## [Work item]
Would you please output all the records exactly as given? Pictures should not appear in the copy.

## [Data extracted from a collection]
****************************************

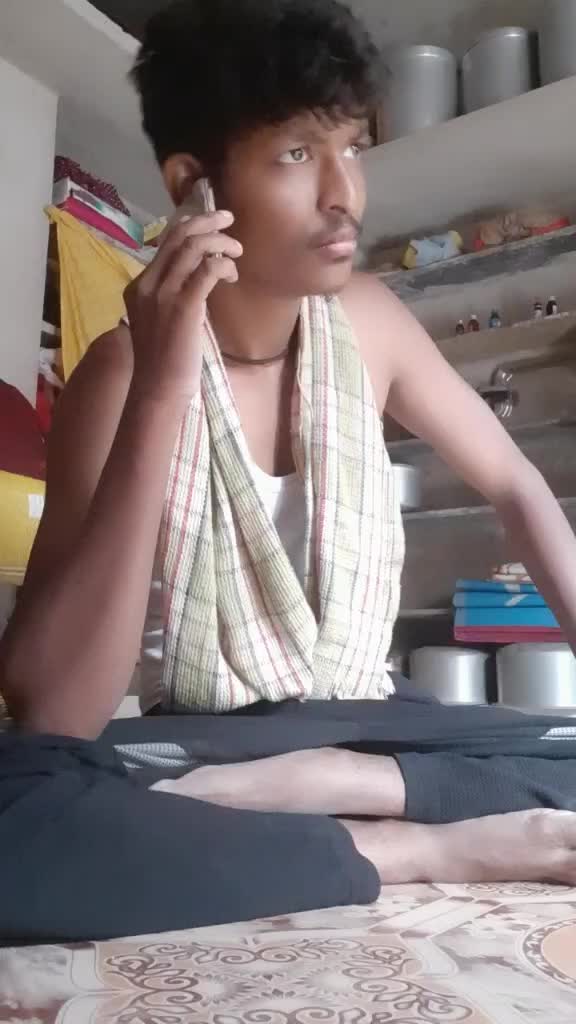 @Yuvaraj Manjarekar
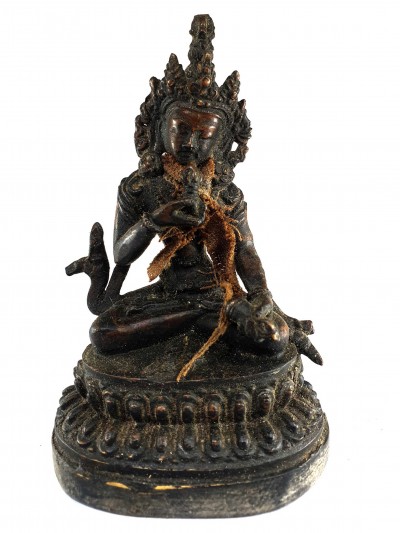 Vajrasattva-24009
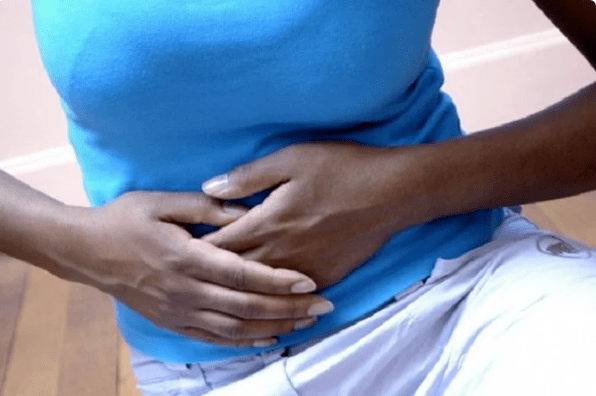 How to remove parasites from the body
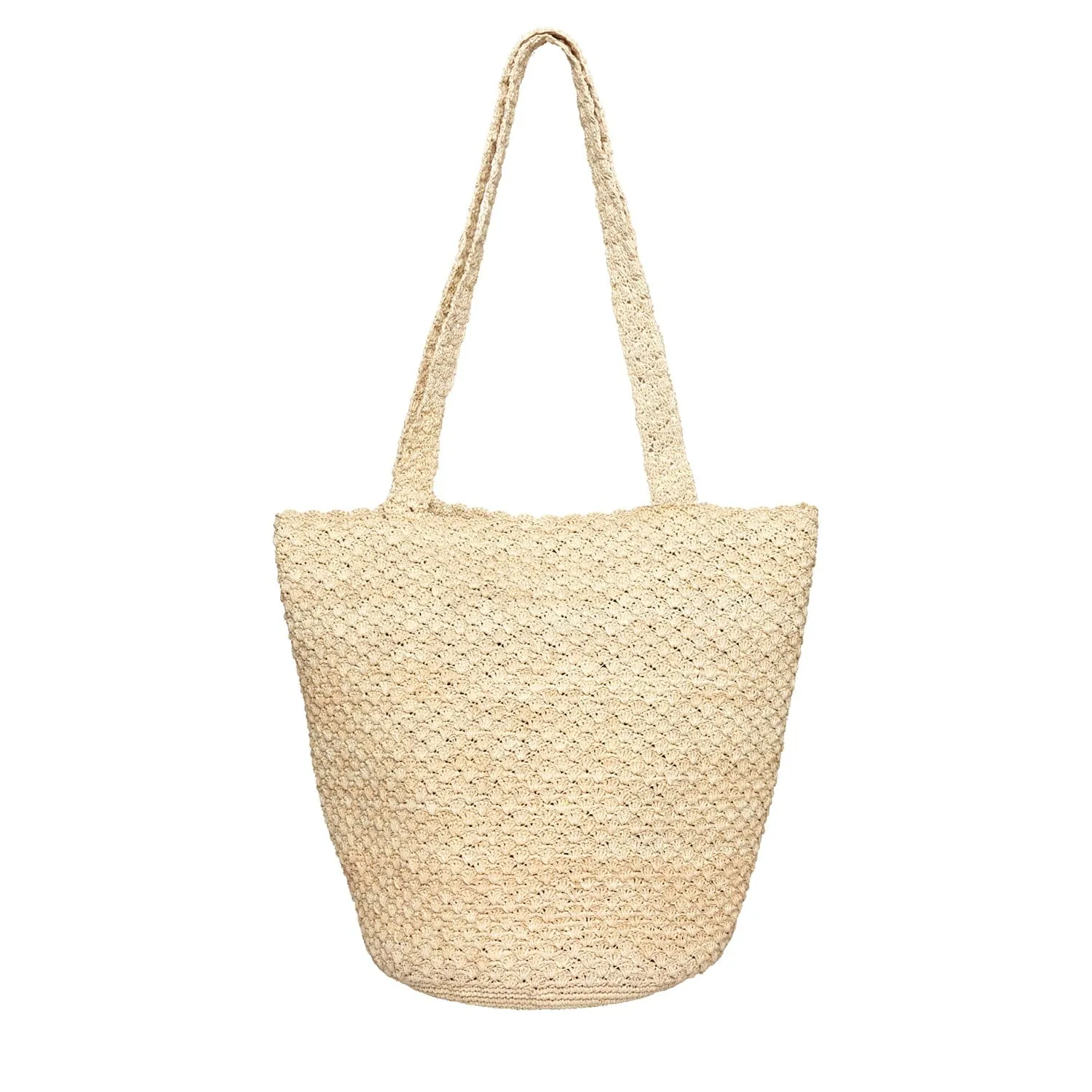 Kai Bag
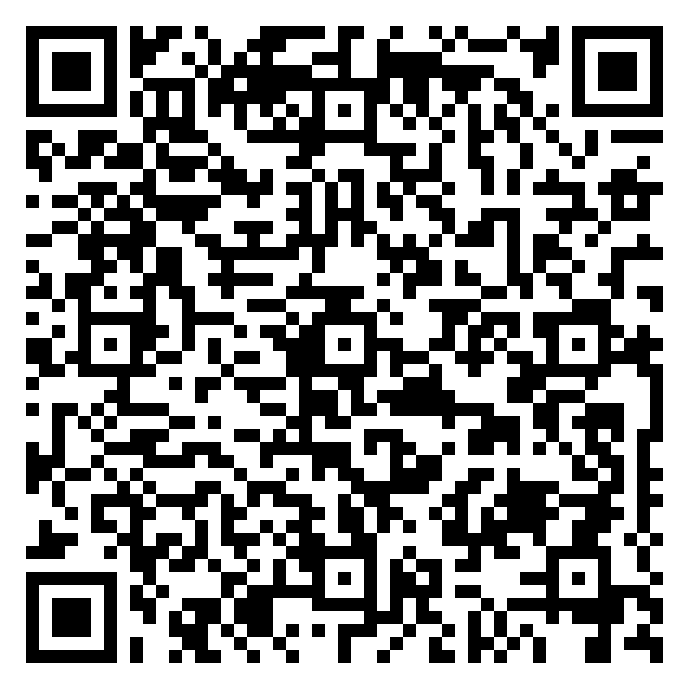 kod QR z danymi kontaktowymi 05016587700000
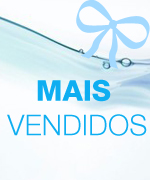Torneiras Mais Vendidas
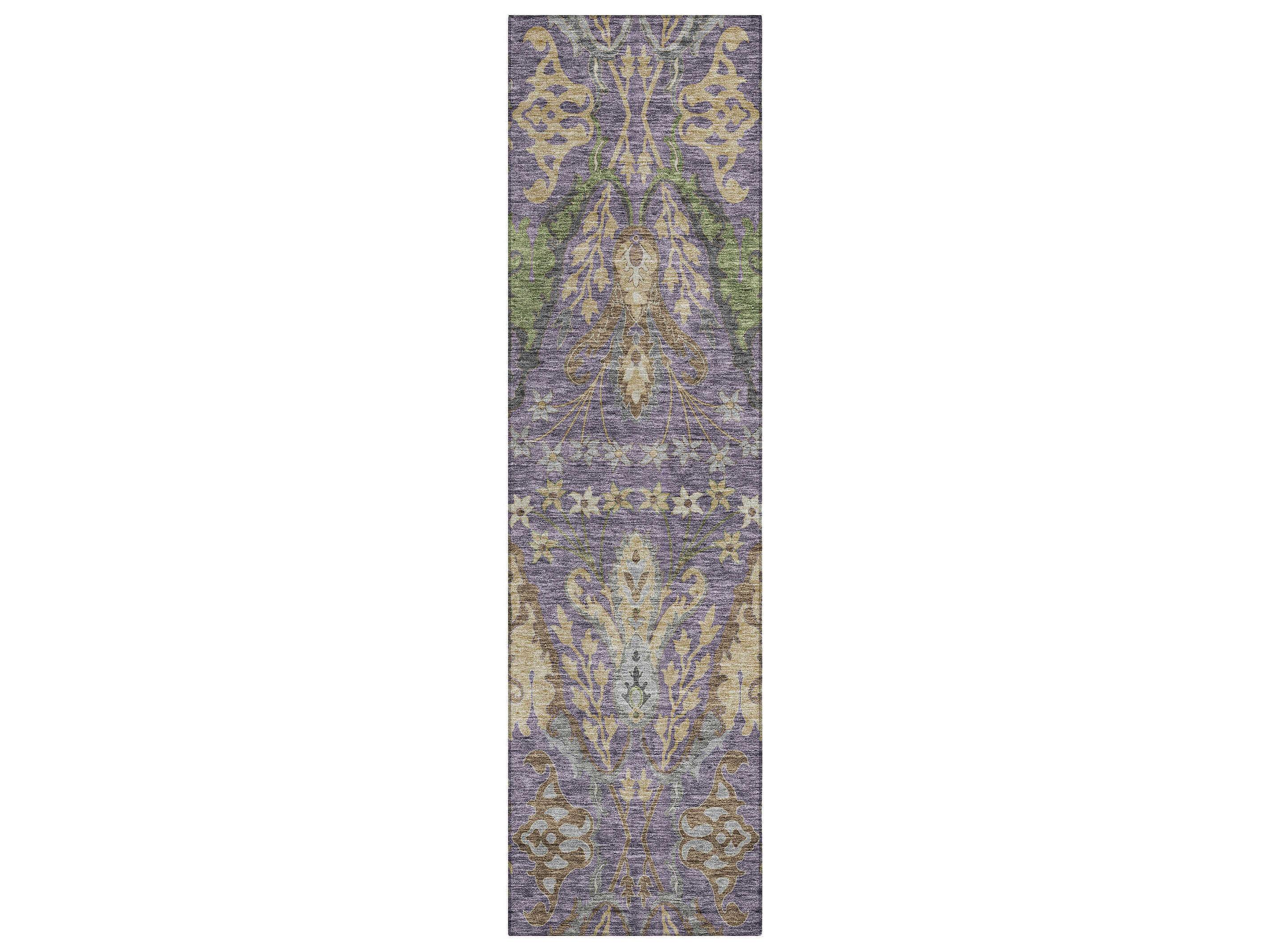 Dalyn Chantille Abstract Area Rug
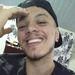 foto de Wallyson Pedrosa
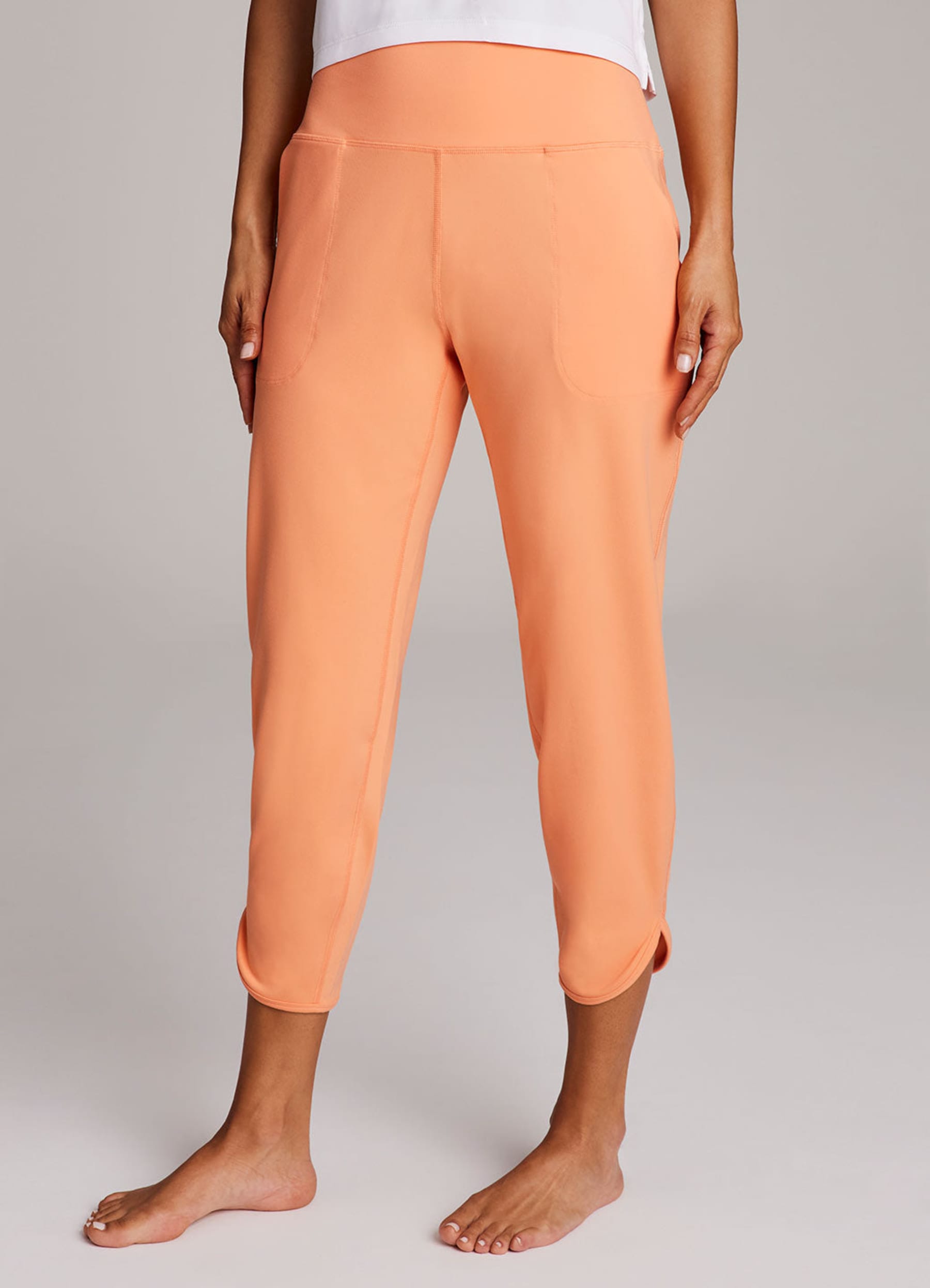Cantaloupe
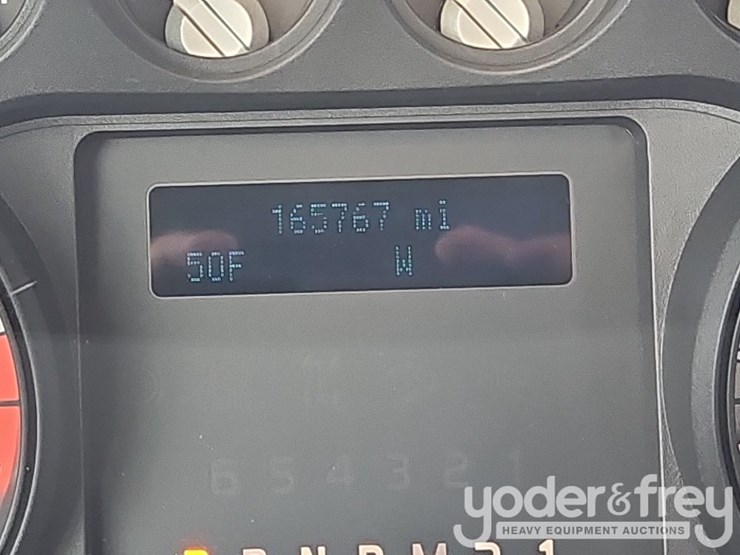 2016-ford-f350-image-54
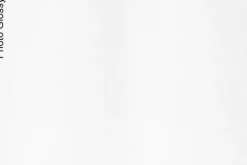 Canson Paper>Infinity PhotoGloss Premium RC 270gsm - A2-25 Sheets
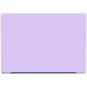 Laptop Taro Mud Bobo Protective Shell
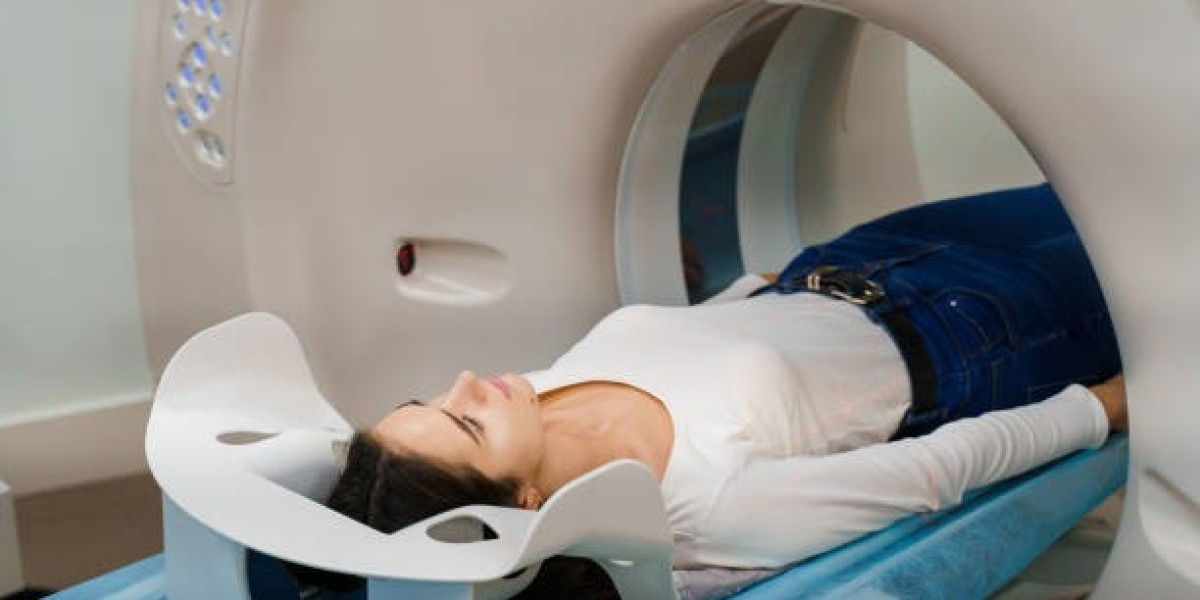 Stay Protected with Oncological Screening in Riyadh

****************************************

## [Solution to the problem]
 @Yuvaraj Manjarekar
 Vajrasattva-24009
 How to remove parasites from the body
 Kai Bag
 kod QR z danymi kontaktowymi 05016587700000
Torneiras Mais Vendidas
 Dalyn Chantille Abstract Area Rug
 foto de Wallyson Pedrosa
Cantaloupe
 2016-ford-f350-image-54
 Canson Paper>Infinity PhotoGloss Premium RC 270gsm - A2-25 Sheets
 Laptop Taro Mud Bobo Protective Shell
 Stay Protected with Oncological Screening in Riyadh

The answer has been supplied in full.